So, how do we move from scattered programmes to a resilient system? It demands intentional policy and governance shifts in a few key areas, with county governments as pivotal implementation and innovation partners.
First, achieve water sovereignty in our drylands through decentralised governance. We must move beyond isolated water pans. Imagine a nationally backed, county-led “Water for Productive ASALs” programme, combining catalytic public investment in sustainable infrastructure such as sand dams and solar-powered irrigation clusters with devolved community-led governance, county-protected grazing corridors, and integrated county water master plans.
Second, ensure finance actually reaches smallholders, facilitated by counties. Establish a National Agriculture Financial Inclusion Facility to de-risk lending, but pair it with County Agri-Finance Windows that provide matching grants, aggregate local farmer groups for creditworthiness, and leverage county structures to scale bundled products like drought-tolerant seeds paired with micro-insurance. Digital platforms, promoted through county extension services, can unlock pay-as-you-go irrigation and improve credit scoring.

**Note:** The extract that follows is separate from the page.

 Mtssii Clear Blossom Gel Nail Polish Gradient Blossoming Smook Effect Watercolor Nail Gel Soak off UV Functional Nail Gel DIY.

Third, adopt policies that incentivise regeneration at all levels. Reform national subsidies into “smart subsidies” that reward intercropping, legume integration, and soil care, and empower counties to design complementary input programs aligned with local agro-ecologies. Introduce a Soil Health Tax Credit. Let devolved public procurement for schools and county institutions prioritise diverse, local crops like sorghum and millet.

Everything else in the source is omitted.